▸ **Description of the task**: Set out the listing word for word. End with the line that contains "- Моиша, а как мне найти себе жену?".

══ Task input

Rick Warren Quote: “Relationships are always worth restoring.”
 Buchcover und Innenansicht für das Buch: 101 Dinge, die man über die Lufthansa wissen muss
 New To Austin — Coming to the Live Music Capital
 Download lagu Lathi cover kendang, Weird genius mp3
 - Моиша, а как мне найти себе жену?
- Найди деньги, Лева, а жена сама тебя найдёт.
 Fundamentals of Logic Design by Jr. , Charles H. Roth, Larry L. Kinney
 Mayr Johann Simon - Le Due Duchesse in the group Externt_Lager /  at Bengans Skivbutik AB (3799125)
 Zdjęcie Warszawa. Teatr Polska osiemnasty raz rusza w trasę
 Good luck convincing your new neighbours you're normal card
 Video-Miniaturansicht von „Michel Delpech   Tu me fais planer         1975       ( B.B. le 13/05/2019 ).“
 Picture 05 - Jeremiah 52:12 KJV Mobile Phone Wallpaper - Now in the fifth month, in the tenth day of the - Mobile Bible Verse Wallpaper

════

▸ **Your solution**:
Rick Warren Quote: “Relationships are always worth restoring.”
 Buchcover und Innenansicht für das Buch: 101 Dinge, die man über die Lufthansa wissen muss
 New To Austin — Coming to the Live Music Capital
 Download lagu Lathi cover kendang, Weird genius mp3
 - Моиша, а как мне найти себе жену?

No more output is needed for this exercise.